Zweiter Artikel. Die Liebe ist Ursache des Hasses.
a) Dagegen sind: I. Unterabteilungen in der nämlichen Art immer zugleich. Haß und Liebe aber sind als gegenüberstehende Unterabteilungen in den Leidenschaften. Also sind sie zugleich; und ist nicht das eine vom anderen verursacht. II. Der eine Gegensatz ist nicht die Ursache vom anderen. Haß und Liebe aber sind rein Gegensätze. III. Der Haß ist früher wie die Liebe; denn er ist ein Sich-Entfernen vom Übel. Auf der anderen Seite sagt Augustin (14 de civ. Dei 7 et 9.): „Alle Neigungen haben ihre Ursache in der Liebe.
b) Ich antworte, die Liebe sei eine Verwandtschaft zwischen dem Liebenden und dem Geliebten; der Haß aber ein Widerstreben gegen das Gehaßte. In jedem Dinge aber ist als das frühere Moment zu betrachten das, was ihm zukömmlich ist und nicht das was ihm widerstrebt. Denn nur ebendadurch ist etwas dem betreffenden Dinge widerstrebend, daß es das verdirbt, was ihm zukömmlich ist. Also muß notwendig die Liebe früher sein als der Haß; und nichts kann somit gehaßt werden als insoweit es entgegensteht dem, was dem Dinge zukömmt und demgemäß von diesem geliebt wird. Danach entsteht jeder Haß aus Liebe.

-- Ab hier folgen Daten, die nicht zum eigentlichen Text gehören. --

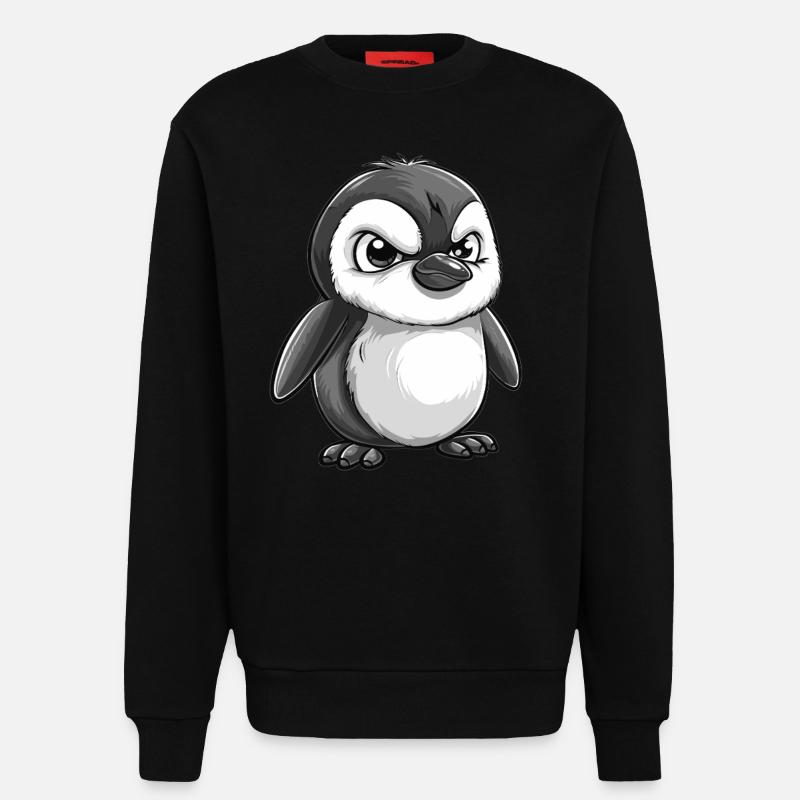 Grummeliger Pinguin - Sweatshirt - made by SPREAD  - SOLID BLACK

c) I. In den sich gegenüberstehenden Unterabteilungen einer Gattung oder einer „Art“ giebt es solche, die sowohl der Auffassung wie der Wirklichkeit nach kraft ihrer Natur zugleich sind; wie die zwei Gattungen des „Sinnbegabten“: vernünftig und unvernünftig, oder zwei Gattungen in den Farben. Andere Gattungen giebt es, die wohl zugleich sind gemäß der Auffassung; jedoch der Wirklichkeit nach ist da die eine früher wie die andere, ist nämlich die eine verursacht von der anderen; — wie dies offenbar ist in den Gattungen der Zahlen, von denen ja die eine in Wirklichkeit aus der anderen her entsteht, die jedoch in ihrem Gegensatze, z. B. in Einheit und Mehrheit, zugleich aufgefaßt werden; und wie dies ebenso sich verhält mit den Figuren, Bewegungen etc. Endlich giebt es solche gegensätzliche Unterabteilungen in der nämlichen„Art“, welche weder der Auffassung noch der Wirklichkeit nach zugleich sind, wie z. B. Substanz und Accidens. Denn die Substanz ist dem thatsächlichen Sein, also der Wirklichkeit nach, die Ursache, welche das Accidens, also die zu ihm hinzutretende Eigenschaft als dessen Subjekt trägt, wie die Mauer die wirkliche Ursache ist, daß das betreffende Weiße in Wirklichkeit Sein hat; — und desgleichen wird auch gemäß der Auffassung früher von der Substanz ausgesagt, sie sei; und erst später d. h. auf Grund dieser Auffassung daß die Substanz Sein hat, wird vom Accidens, von der hinzutretenden Eigenschaft, ausgesagt, sie sei; denn nur insoweit das Accidens in der Substanz ist, wird ihm ein Sein zugeschrieben. Die Liebe und der Haß nun sind wohl zugleich der Auffassung nach, aber nicht gemäß der Wirklichkeit. Denn der Haß kann nur sein infolge irgend einer Liebe. II. Haß und Liebe sind reine Gegensätze, nur insofern sie vom Nämlichen gelten. Ist der Gegenstand des Hasses aber gegenüberstehend dem der Liebe, so folgt der Haß der Liebe und umgekehrt. Denn wird etwas geliebt, so ist es im Begriffe selbst gegeben, daß das Gegenteil gehaßt wird. III. In der Ausführung einer Absicht ist es wohl früher, daß man vom Gegenteile sich entfernt. In der Absicht selber ist dies nicht der Fall. Denn ebendeshalb entfernt man sich von dem einen Endpunkte, damit man dem anderen entgegengesetzten näher komme. Die Bewegung des Begehrens aber gehört mehr in den Bereich der Absicht wie in den der Ausführung. Also ist da gerade die Liebe früher wie der Haß.